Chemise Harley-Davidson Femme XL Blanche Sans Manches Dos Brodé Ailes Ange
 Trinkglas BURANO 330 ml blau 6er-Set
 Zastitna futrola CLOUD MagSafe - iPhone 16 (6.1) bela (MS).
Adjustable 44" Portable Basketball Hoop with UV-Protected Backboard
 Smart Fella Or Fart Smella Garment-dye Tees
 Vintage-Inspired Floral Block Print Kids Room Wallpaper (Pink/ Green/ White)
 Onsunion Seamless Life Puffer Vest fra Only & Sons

================

[Assigned task]
The listing is to be retyped in full, exactly as shown.

[Task response]
Chemise Harley-Davidson Femme XL Blanche Sans Manches Dos Brodé Ailes Ange
 Trinkglas BURANO 330 ml blau 6er-Set
 Zastitna futrola CLOUD MagSafe - iPhone 16 (6.1) bela (MS).
Adjustable 44" Portable Basketball Hoop with UV-Protected Backboard
 Smart Fella Or Fart Smella Garment-dye Tees
 Vintage-Inspired Floral Block Print Kids Room Wallpaper (Pink/ Green/ White)
 Onsunion Seamless Life Puffer Vest fra Only & Sons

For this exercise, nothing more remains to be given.